# DSCI 100: Individual Project Planning

## (1) Data Description


In the `sessions.csv` dataset, there are 1535 observations. There are 5 variables:
- hashedEmail:
- start_time:
- end_time:
- original_strt_time:
- oritinal_end_time: 


In the `players.csv` dataset, there are 196 observations. There are 7 variables:
- experience: Experience level of the player
- subscribe: Whether a player subscribed to a game-related newsletter
- hashedEmail: Anonymized email for each player
- played_hours: Total time spent playing for each player in hours
- name: Player name
- gender: Player gender
- Age: Player age

## (2) Questions

The goal of this analysis is to answer the question: What player characteristics and behaviours are most predictive of subscribing to a game-related newsletter, and how do these features differ between various player types? 
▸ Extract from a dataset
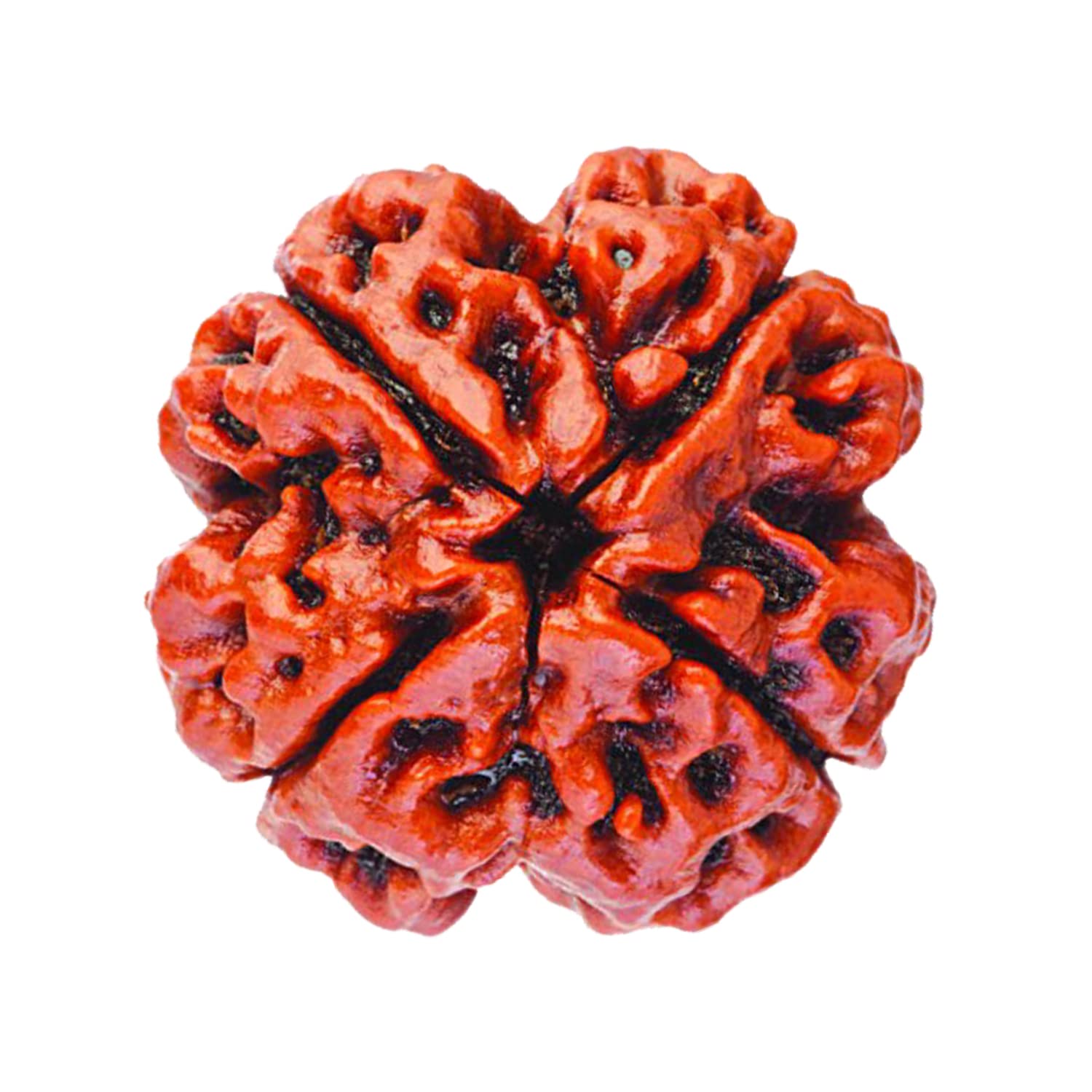 See full amazon price history chart for Vado® Rudraksha Beads Real Lab Certified 1 to 21 Mukhi with Certificate (4 Mukhi) Vado® Rudraksha Beads Real Lab Certified 1 to 21 Mukhi with Certificate (4 Mukhi) (B08D5R3SWS) Amazon Price History, Amazon Price Tracker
In order to address this broader question, this analysis will use the data in the `players.csv` dataset to answer a more specific question: Can age and the total hours played by a player predict whether they subscribe to a game-related newsletter?

The `players.csv` dataset contains the data necessary to answer this specific question, formatted already into a table such that the explanatory variables, `played_hours` (total number of hours played) and `Age` (age of player), are in their own columns and can be analyzed to see if they can predict the response variable, `subscribe` (whether or not the player subscribes to the game-related newsletter). Each player is one observation in this dataset, so we can easily compare these variables for each player and see if the explanatory variables are good predictors.

Since only the variables from the `players.csv` dataset are relevant to this question, only this dataset will be wrangled and used in the analysis.


## (3) Exploratory Data Analysis and Visualization

In [1]:
#Loading libraries

library(tidyverse)
library(repr)
library(tidymodels)

options(repr.matrix.max.rows = 6)
source("tests.R")
source('cleanup.R')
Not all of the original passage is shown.